Sadgati

1981, Hindi, Television Film, YouTube, IMBD 8/10, Directed By Satyajit Ray

https://www.youtube.com/watch?v=rRpaPV3QayY

Categorical depiction of untouchability, distinct from the abstract versions we are familiar in the 21st century mediums, that ends with a tone of a sharp cynicism.

Sadgati, meaning deliverance or salvation, based on a short story by Munshi Premchand, is a story of a Tanner Dhukiya (Om Puri) and his wife Jhuria (Smita Patil) who try to invite the Temple priest to fix a date for his adolescent daughter’s wedding. The priest extracts hard labor from him in exchange for his visit and Dhukiya who had just recovered from a fever and had nothing to eat that morning, dies while chopping log on the priest’s command. The priest is forced to remove the dead body himself, from his backyard, as his neighbors complain of inconvenience to pass the house to fetch water.

The slender Smita patil and the deep rumbling voiced Om Puri valiantly express in their eyes the emotions of the characters of Dhukiya and Jhuria. The character’s gullibility are illustrated with just simple gestures like when Jhuria tries to repeat grocery list so she doesn’t forget and when the shopkeeper errs in repeating her list, she giggles naively. The helpless life of the down trodden is effortless showcased as she inquires her husband of his giddiness but she has no choice other than standing there looking at the plate of food that her husband leaves back without eating as he had to rush to see the priest.

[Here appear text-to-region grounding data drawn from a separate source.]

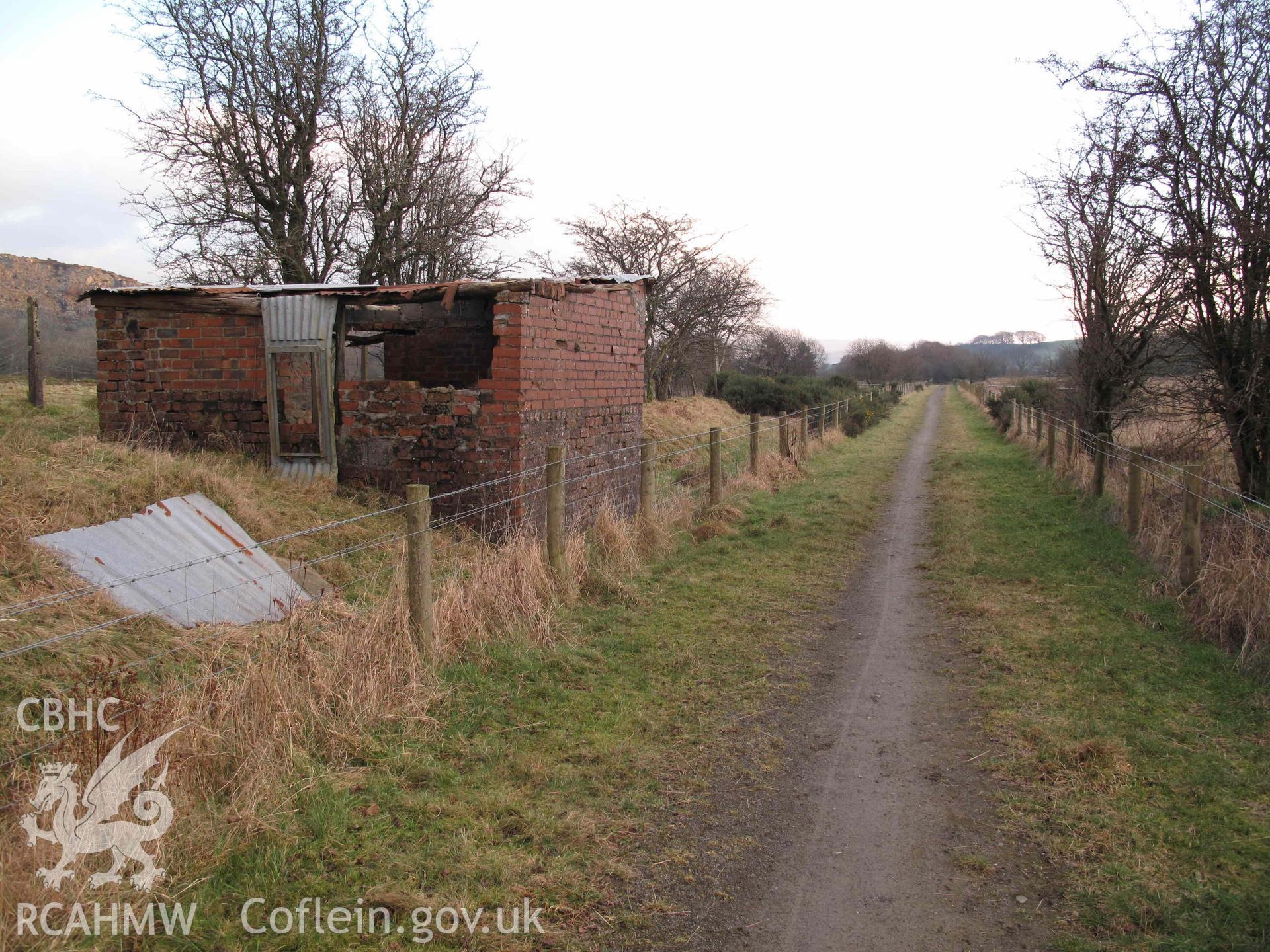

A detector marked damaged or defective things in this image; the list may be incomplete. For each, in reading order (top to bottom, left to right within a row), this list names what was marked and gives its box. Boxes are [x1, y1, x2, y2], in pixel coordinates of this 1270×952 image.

rusty metal sheet [30, 495, 307, 629]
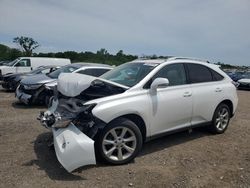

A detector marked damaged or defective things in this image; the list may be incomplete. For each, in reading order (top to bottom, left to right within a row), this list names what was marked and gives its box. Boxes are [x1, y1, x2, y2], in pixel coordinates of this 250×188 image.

damaged car in background [15, 62, 112, 104]
crumpled hood [57, 72, 95, 97]
detached front bumper [52, 122, 95, 173]
damaged front end [37, 73, 127, 172]
damaged car in background [38, 57, 237, 172]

The suppression is unconsciously outlined through the inability of the low born to defend for themselves in many instances, like when Dhukiya apologies to have entered the house of the priest, when he squats keeping mum without asking for an axe until he had been spoken to and lets himself to be exploited with unfamiliar job of chopping logs.

When Jhuria wails in distress, at the doors of the priest accusing him of exploiting her husband and killing him, none answer her. The subjugation in the name of caste system is reiterated.

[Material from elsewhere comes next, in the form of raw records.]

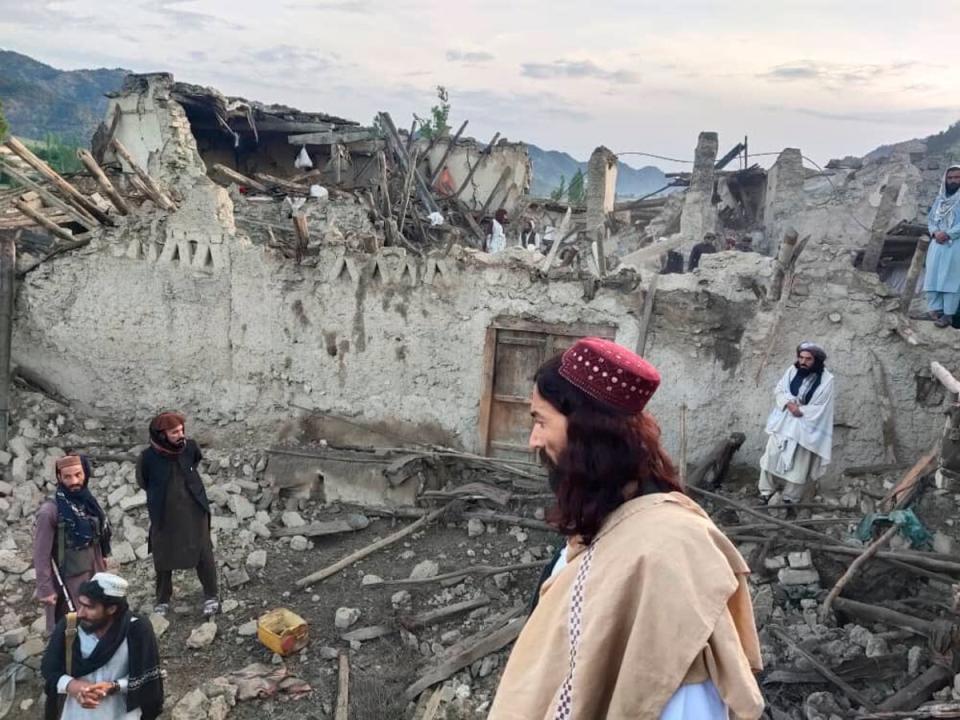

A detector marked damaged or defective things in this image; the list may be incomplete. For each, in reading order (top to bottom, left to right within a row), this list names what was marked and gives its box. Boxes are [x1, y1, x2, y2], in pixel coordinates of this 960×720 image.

broken wooden beam [13, 198, 76, 243]
broken wooden beam [0, 159, 97, 229]
broken wooden beam [3, 136, 110, 224]
broken wooden beam [77, 147, 131, 212]
broken wooden beam [109, 138, 176, 211]
broken wooden beam [211, 164, 268, 193]
broken wooden beam [900, 236, 928, 316]
broken wooden beam [294, 504, 452, 588]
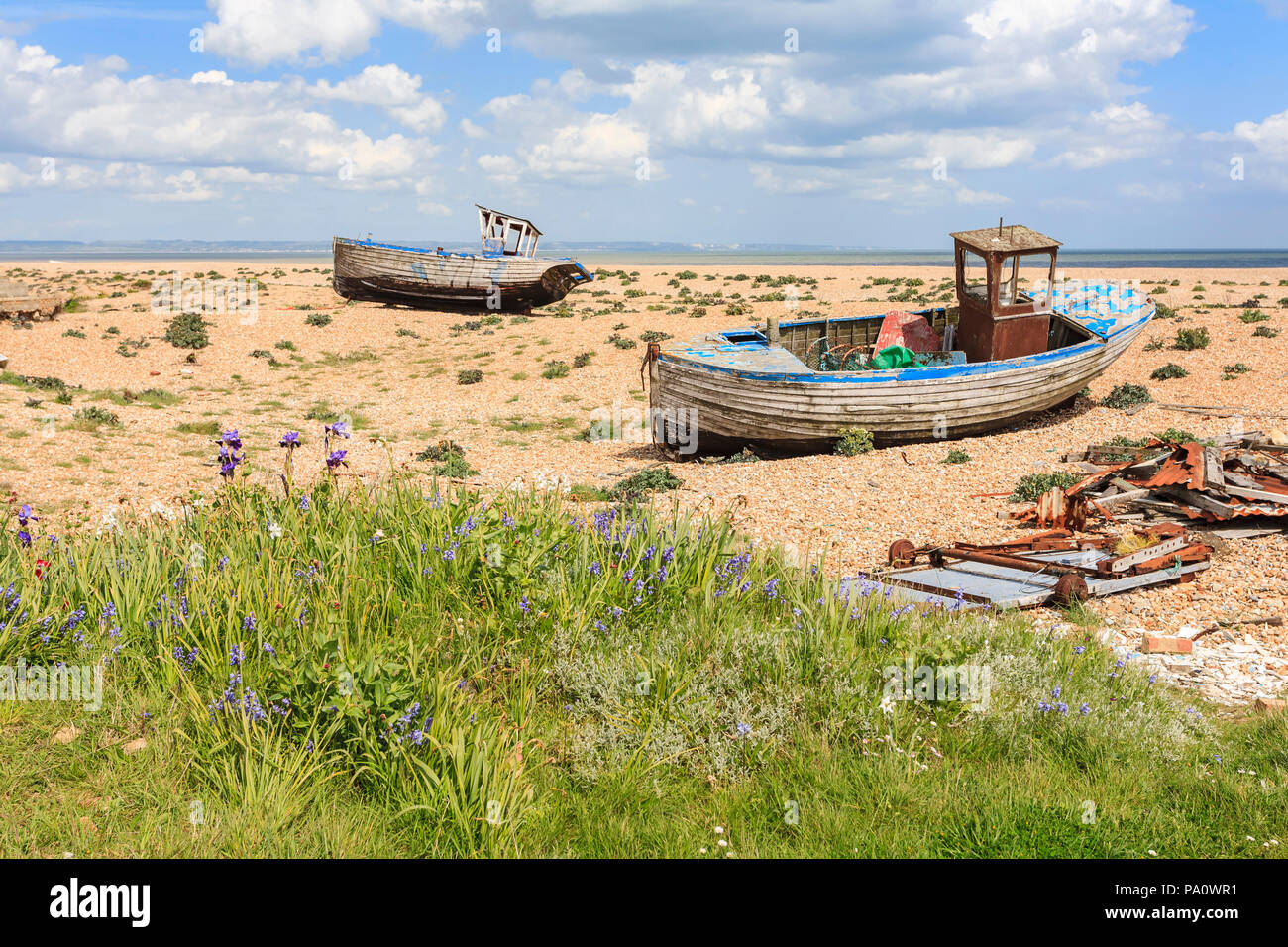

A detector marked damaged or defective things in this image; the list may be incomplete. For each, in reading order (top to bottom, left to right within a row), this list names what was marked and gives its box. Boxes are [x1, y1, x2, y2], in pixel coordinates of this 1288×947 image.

broken boat wreck [331, 204, 590, 315]
broken boat wreck [646, 226, 1149, 456]
rusty metal debris [1003, 432, 1284, 531]
rusty metal debris [856, 523, 1213, 610]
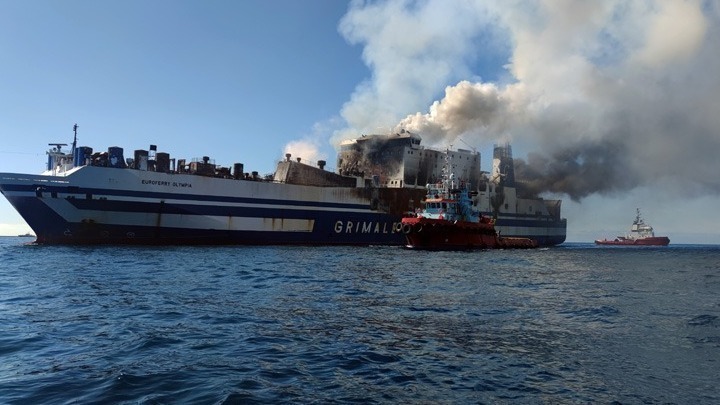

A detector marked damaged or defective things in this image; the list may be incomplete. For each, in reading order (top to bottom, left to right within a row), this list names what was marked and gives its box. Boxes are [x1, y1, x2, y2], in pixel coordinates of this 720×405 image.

charred ship superstructure [0, 126, 564, 246]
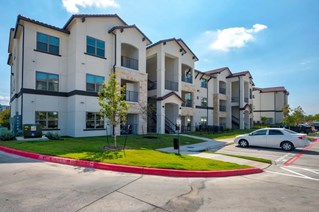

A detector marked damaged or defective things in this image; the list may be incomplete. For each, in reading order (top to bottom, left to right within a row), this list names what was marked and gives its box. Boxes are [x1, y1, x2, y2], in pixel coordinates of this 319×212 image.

pavement crack [74, 175, 144, 211]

When the priest is left with no choice other than removing the corpse of Dhukiya himself as the people refuse to carry, he inhumanely ties a rope to the ankle of the corpse using a stick to lift his limb and drags it to dump it near the skeleton of rotting animals. This act is what the writer contemptuously attributes to in the title – the belief of Salvation (Mokhsa), for Dhukiya, as his dead body is handled by the ‘so-called’ holy man himself.

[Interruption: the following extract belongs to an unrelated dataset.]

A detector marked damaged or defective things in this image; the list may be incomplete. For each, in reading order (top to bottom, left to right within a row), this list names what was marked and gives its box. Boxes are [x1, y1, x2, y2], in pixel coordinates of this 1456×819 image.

Neither an ounce of exaggeration in the emotions nor any exciting events, yet the film translates the intensity which evidently speaks for the modus operandi of the eminent director Satyajit Ray. The story ends with the priest sprinkling holy water on the place where Dhukiya lay dead, leaving the viewers to ponder on what salvation is.

A cringe worthy watch as these caste discrimination hasn’t died down and vigorously thrives in many educated households even today.